**Problem**
Set down all the entries again, word for word.

====== Material for the task ======

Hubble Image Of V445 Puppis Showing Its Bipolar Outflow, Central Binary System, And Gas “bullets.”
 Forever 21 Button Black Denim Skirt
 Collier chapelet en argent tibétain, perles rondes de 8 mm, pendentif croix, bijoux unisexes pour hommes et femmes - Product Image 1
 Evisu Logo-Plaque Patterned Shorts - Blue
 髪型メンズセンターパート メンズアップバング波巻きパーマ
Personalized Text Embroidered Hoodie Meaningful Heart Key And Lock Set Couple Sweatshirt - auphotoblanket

======

**Answer for this exercise**
Hubble Image Of V445 Puppis Showing Its Bipolar Outflow, Central Binary System, And Gas “bullets.”
 Forever 21 Button Black Denim Skirt
 Collier chapelet en argent tibétain, perles rondes de 8 mm, pendentif croix, bijoux unisexes pour hommes et femmes - Product Image 1
 Evisu Logo-Plaque Patterned Shorts - Blue
 髪型メンズセンターパート メンズアップバング波巻きパーマ
Personalized Text Embroidered Hoodie Meaningful Heart Key And Lock Set Couple Sweatshirt - auphotoblanket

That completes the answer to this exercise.